JUSTICEINFO.NET IN-DEPTH INTERVIEWS
Former Commissioner of the Truth and Reconciliation Commission of Canada
The Canadian government has just put residential schools on the official list of national historic events. From 1881 to 1996, more than 150,000 Aboriginal youth were forcibly removed from their families to be sent to “kill the Indian in the child”, as the saying goes. Today’s recognition was one of 94 calls for action in the final report of the Truth and Reconciliation Commission, which concluded in 2015 that “cultural genocide” occurred. Five years later, one of the three commissioners, Marie Wilson, looks back on the process and assesses its impact.
JUSTICEINFO.NET: What was different about this Truth and Reconciliation Commission (TRC) in the global landscape of transitional justice?
MARIE WILSON: First of all, for the first time in the world there was a Truth and Reconciliation Commission in a so-called developed country, so it was historic. Second, again for the first time ever, a commission was dealing with the damage experienced primarily by children, and children of a particular ethnicity. Unlike elsewhere, it was not taking place in a military or war context, over a shorter period of time. It dealt with violence that took place over more than 130 years. Furthermore, it dealt with a situation that was legally established, with laws that created the residential schools whose abuse was committed with the support of several successive governments. Finally, for the first time, a commission was created as a result of the actions and pressures of survivors, the victims of the residential schools, in the courts where the government and the churches were the accused. The Truth and Reconciliation Commission was completely independent, which was crucial for our work, and compared to others around the world, its purpose was not political but was really about healing and claiming the rights of victims. It was a very extraordinary commission.
We kept repeating that this commission was about Canadian history, not Aboriginal history, and that it was Canadian laws that had imposed residential schools.
How did the work of the Commission go?
As it had been taken to court, our commission was “post-judicial”. Compared to South Africa, for example, we were not allowed to summon witnesses, nor to award financial damages, etc. It was completely voluntary: the residents, who had requested this commission, could come forward as they wished to share their experiences and educate the general Canadian public about the true history of Canada. And that is what happened. We had three main goals, which corresponded to the mandate: to research, document and preserve for the future the history of residential schools in Canada; to educate the general public; and, finally, to inspire reconciliation. Much effort was therefore put into informing the media. For example, the events were public, including through live webcasts and recordings. We invited everyone, not just Aboriginal people, to come, and we kept repeating that this commission was about Canadian history, not Aboriginal history, and that it was Canadian laws that had imposed residential schools. The challenge was really to get people interested. In the beginning, at major national events, about 10% of those present were non-Aboriginal. At the last of the major events, 60% were. And in our final report and calls for action, we did not strictly target the federal government.

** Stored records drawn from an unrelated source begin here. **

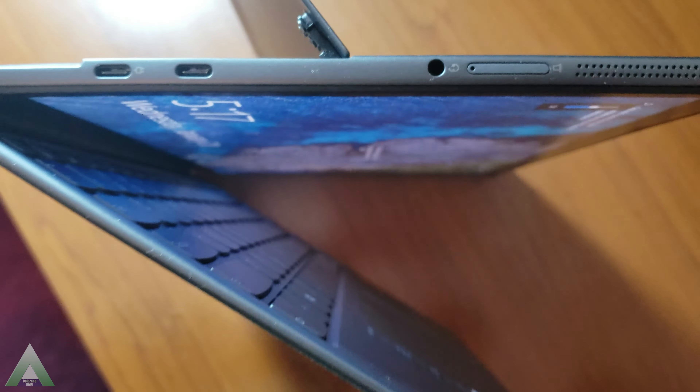While the Surface's keyboard back uses an Alcantara-style fabric, on the Lenovo it is different — a kind of heavy-duty hard fabric — but I'm not expecting any issues with that either.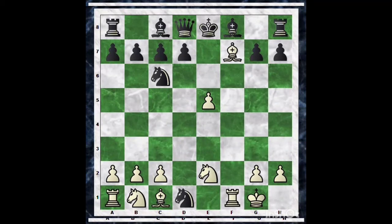The answer is quite simple: after Bishop into f7, King e7, Bishop g5 — checkmate!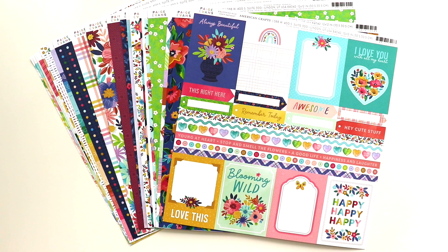Hey friends, it's Paige Evans for Scrapbook and Cards Today magazine, and I am excited to show you how I embroider or hand stitch patterned papers.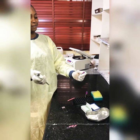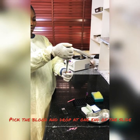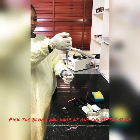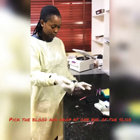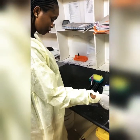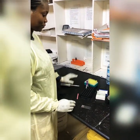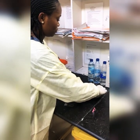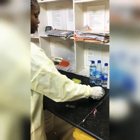Then pick the blood sample — two microliters of blood — and place it at one end of the slide. Discard the pipette tip. We have to make everything clean and slow — discard the pipette tip.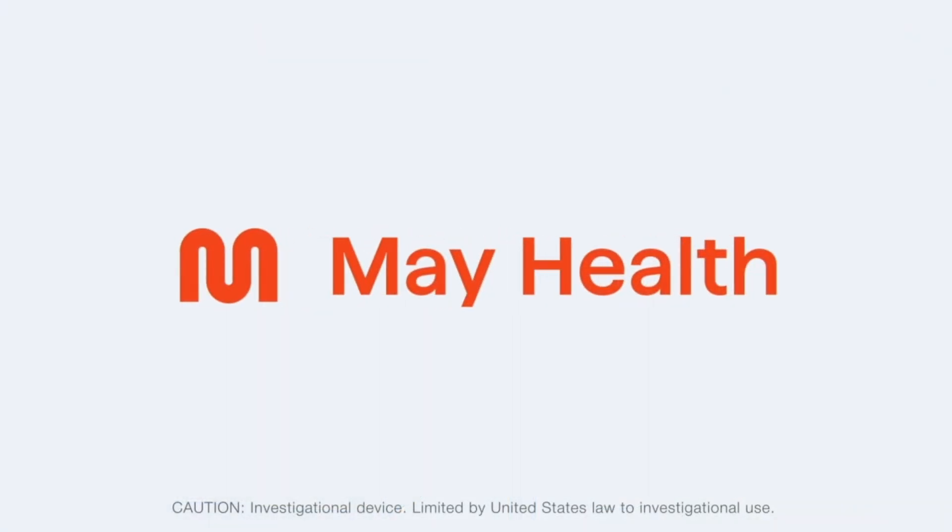The ovarian rebalancing procedure is currently only for investigational use. Side effects of the procedure may include, but are not limited to, pain, bleeding beyond expected spotting, injury to pelvic organs, inflammation, and infection.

These calls for action were broad, detailed, and addressed both the government and the public. Why?
There is no recipe for reconciliation. Expectations for reconciliation varied widely among former residents. Some wanted a political response – to have nation-to-nation relations with Canada, for example. For others, the question of language was crucial – being able to speak it so that it could be passed on. Others had broader goals: access to jobs and better education… Our mandate was very directive: to establish a research centre, to organise events in the communities but without specifying how many, to educate the general public but without telling us how, to inspire ongoing reconciliation. Finally, in the mandate, it was mentioned that reconciliation should be an individual and collective process involving not only the residents and their families but also the government, the Church, those who worked there and the Canadian public at large.
Five years later, what do you see?
I see that there has been a lot of movement and attempts to act, especially at the level of individuals and non-governmental organisations. But on the systemic issues at the level of governments and large institutions, it is much, much more difficult. Changes of people within organisations are going to be necessary for the situation to really change.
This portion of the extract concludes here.